Exercise prompt: Would you print every entry below exactly as written, omitting the images?

Captioned web images:
--
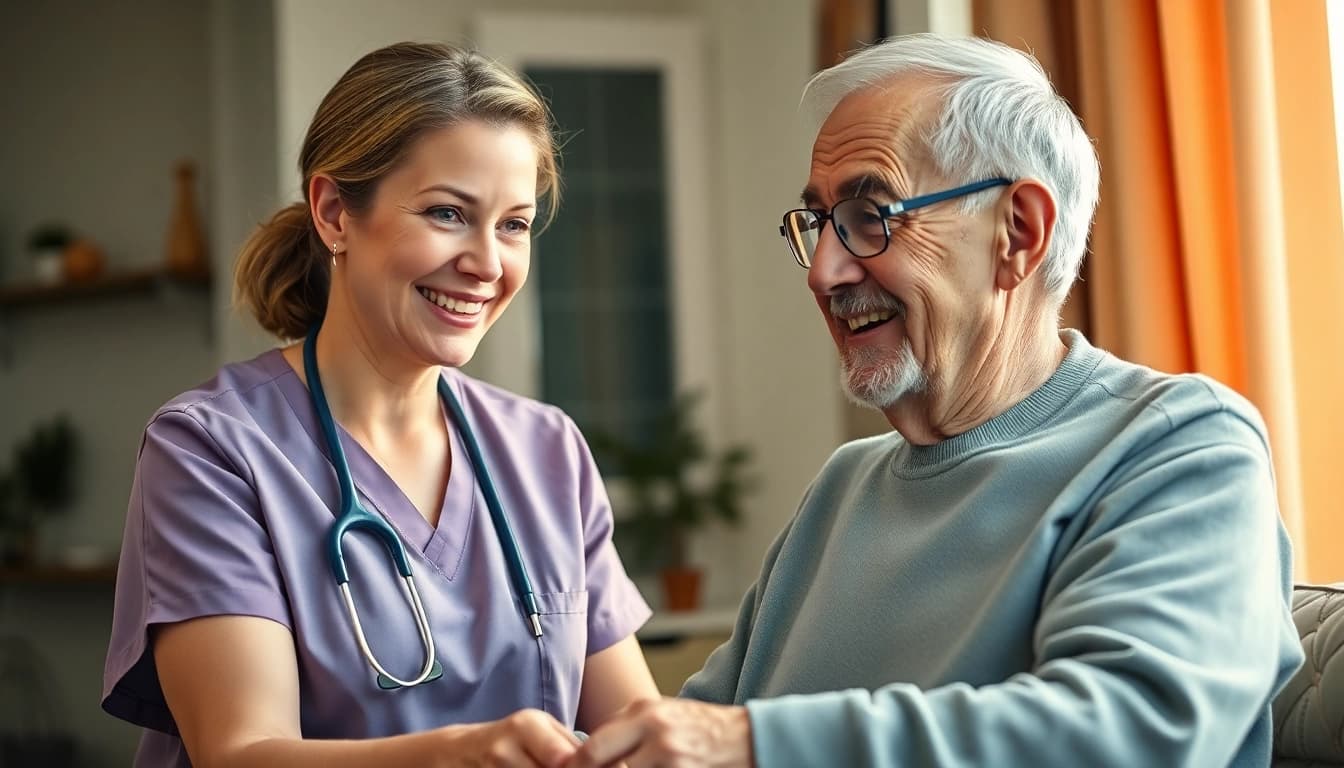 Caregiver providing compassionate support in a home setting, illustrating the essence of Pflegedienst services.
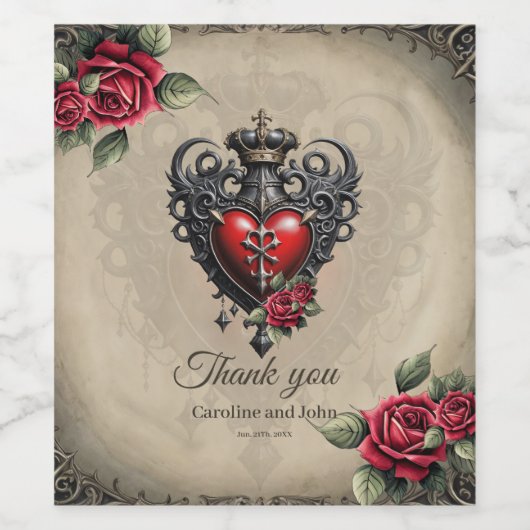 Elegant maar mystiek gotisch hart wijn etiket (Enkel label)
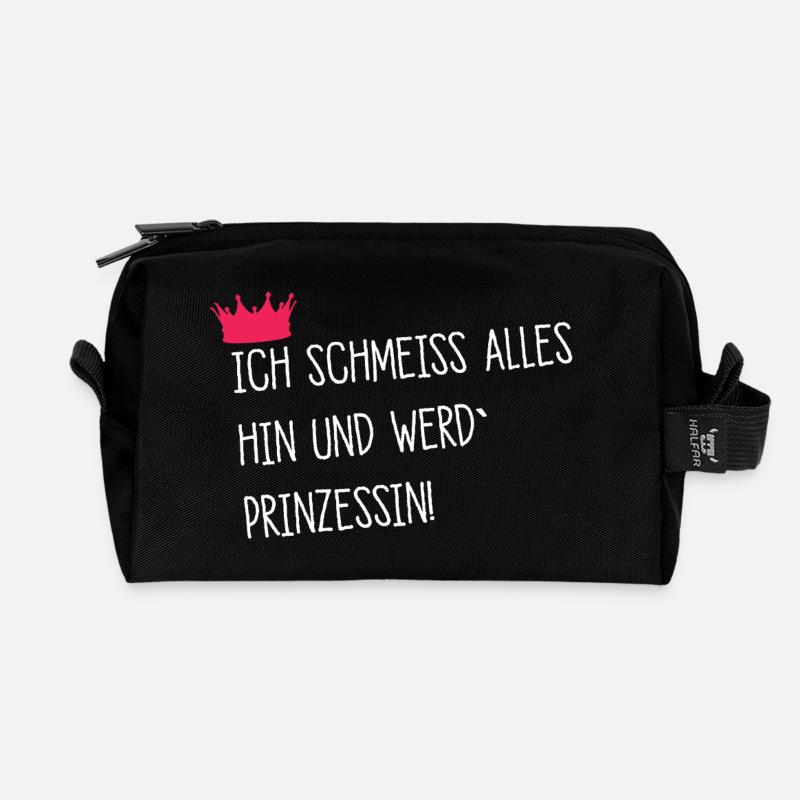 Ich schmeiss alles hin werd prinzessin spruch schu - Recycelte Kulturtasche - Schwarz
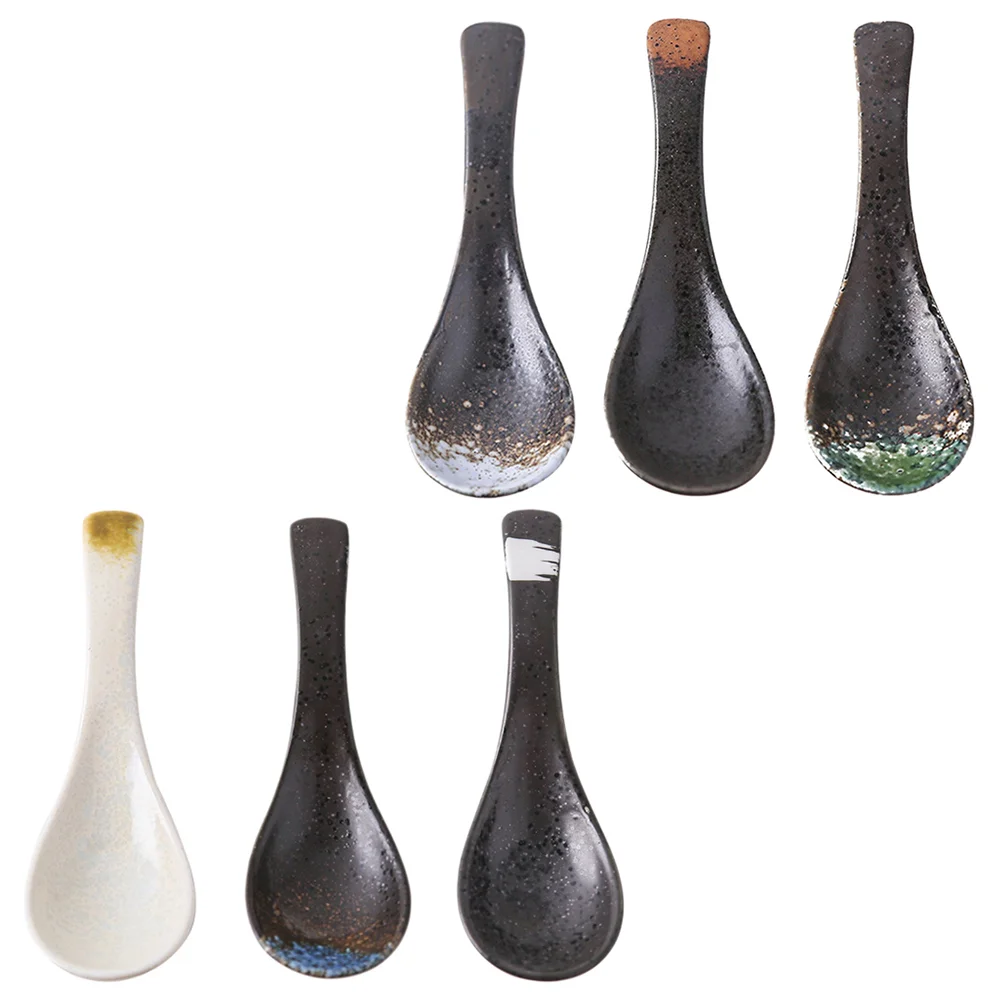 

6pcs Japanese Style Soup Spoons Eating Spoons Food Service Scoops for Home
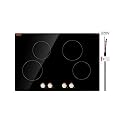 VEVOR Induction Cooktop, 6600W Electric Countertop Burner, 4 Burner Knob Control Stove, Built-in Induction Cooktop with 12 Temperature Settings, Glass Surface, Auto Shut-Off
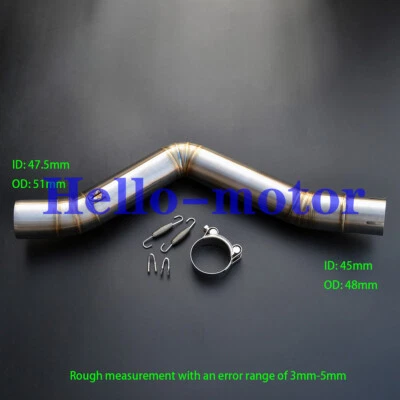 Motorcycle Exhaust Middle Pipe Link Pipe Slip On For Benelli TRK 502 TRK502 Foto 1 de 4
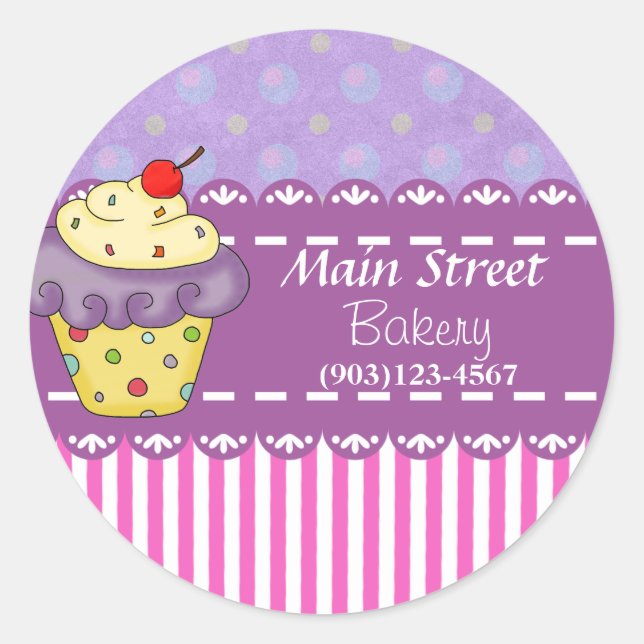 Pegatinas de negocios de panadería personalizado (Anverso)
--
Finished exercise:
 Caregiver providing compassionate support in a home setting, illustrating the essence of Pflegedienst services.
 Elegant maar mystiek gotisch hart wijn etiket (Enkel label)
 Ich schmeiss alles hin werd prinzessin spruch schu - Recycelte Kulturtasche - Schwarz

6pcs Japanese Style Soup Spoons Eating Spoons Food Service Scoops for Home
 VEVOR Induction Cooktop, 6600W Electric Countertop Burner, 4 Burner Knob Control Stove, Built-in Induction Cooktop with 12 Temperature Settings, Glass Surface, Auto Shut-Off
 Motorcycle Exhaust Middle Pipe Link Pipe Slip On For Benelli TRK 502 TRK502 Foto 1 de 4
 Pegatinas de negocios de panadería personalizado (Anverso)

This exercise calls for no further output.